BR Distribuidora, Liquigás, gasodutos, refinarias, campos de petróleo, pólos petroquímicos e fábricas de fertilizantes: tudo devastado, privatizado, mercantilizado e entregue ao mercado financeiro 

 

“A Petrobrás foi a quinta maior empresa de energia do mundo durante o governo Lula. Hoje teve uma série de ativos que propiciava a ela ser uma empresa integrada privatizados. Esses ativos que iam desde o poço e não somente até o posto, mas até o poste, foram vendidos. Foram desintegrados pelo governo Bolsonaro.

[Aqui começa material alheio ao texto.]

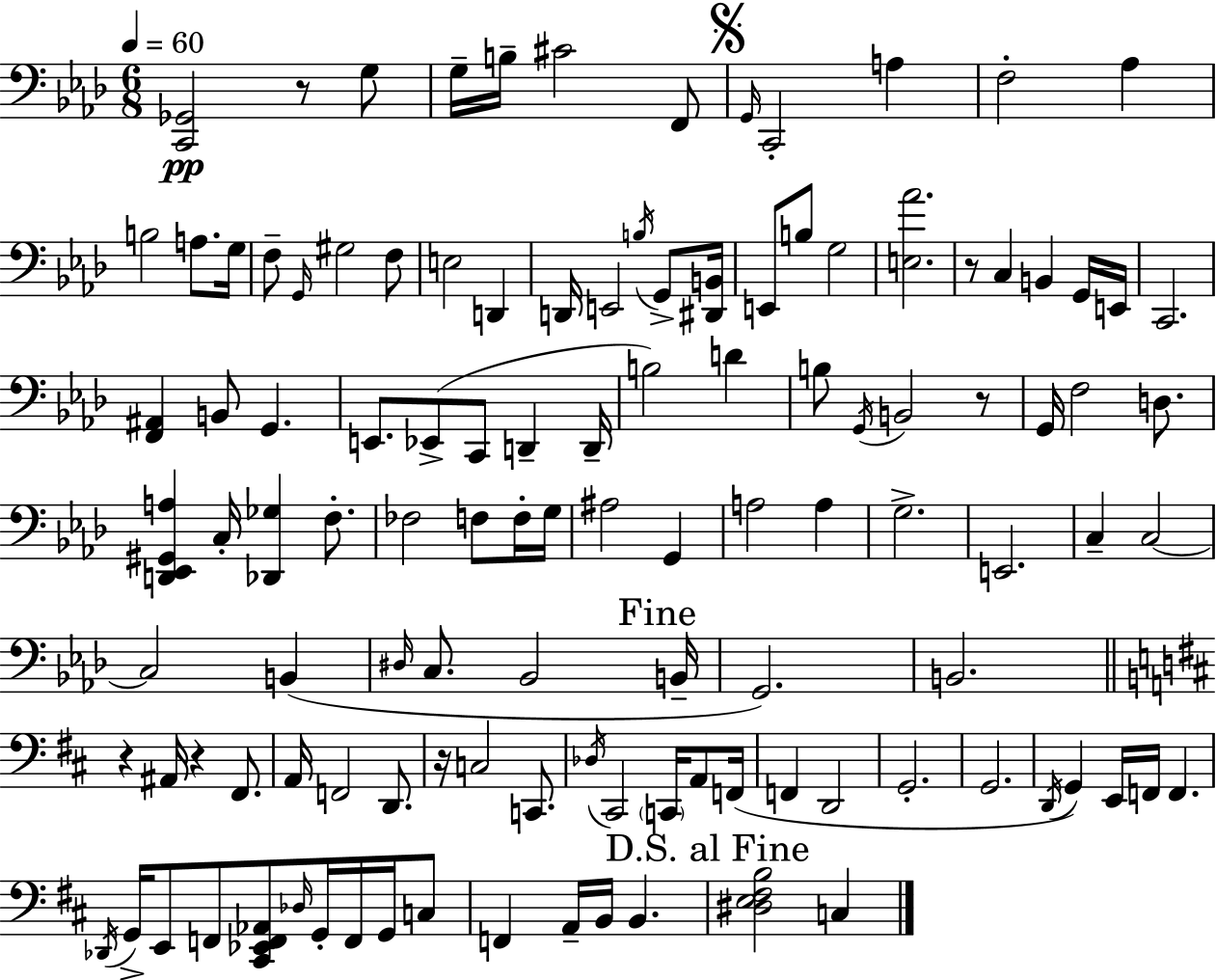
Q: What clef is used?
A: bass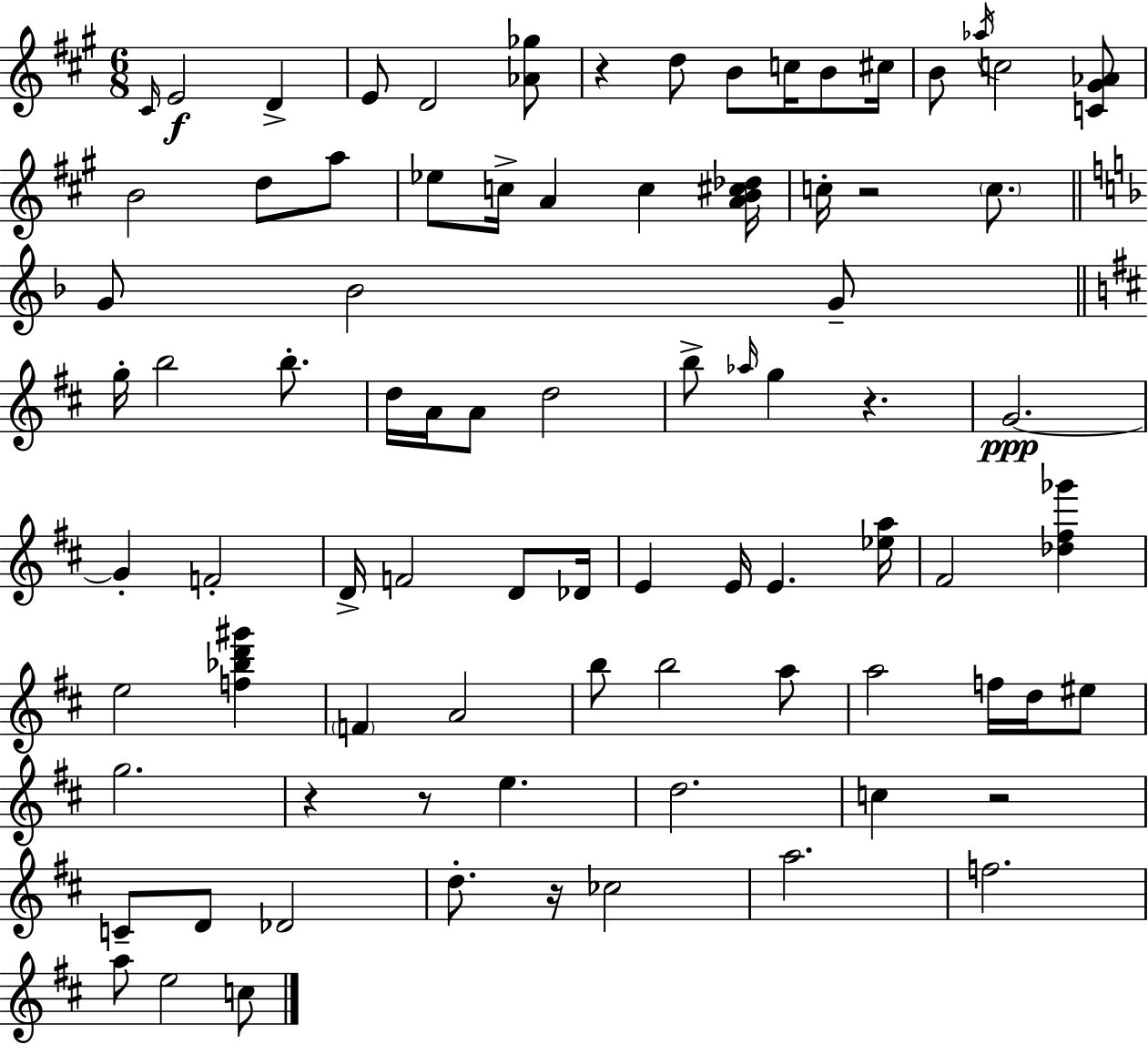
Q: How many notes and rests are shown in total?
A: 83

Estamos falando da Petrobrás Distribuidora, a BR Distribuidora. Por sinal, uma grande empresa de distribuição e de comercialização de combustíveis, que tinha mais de 30% do mercado brasileiro dissolvida na Bolsa de Valores pelas mãos do ministro da Economia, o rentista e dono de empresas offshore Paulo Guedes. Hoje, a Petrobrás não tem nenhuma ação da BR Distribuidora”, afirma.

Barcelar informa que quem ainda compra combustíveis na rede de postos da BR Distribuidora precisa saber que nenhum desses postos de combustíveis são da Petrobrás. Hoje eles pertencem a uma empresa privada denominada Vibra Energia S.A., que vende gasolina e diesel mais caros do que as outras distribuidoras estrangeiras que atuam no Brasil.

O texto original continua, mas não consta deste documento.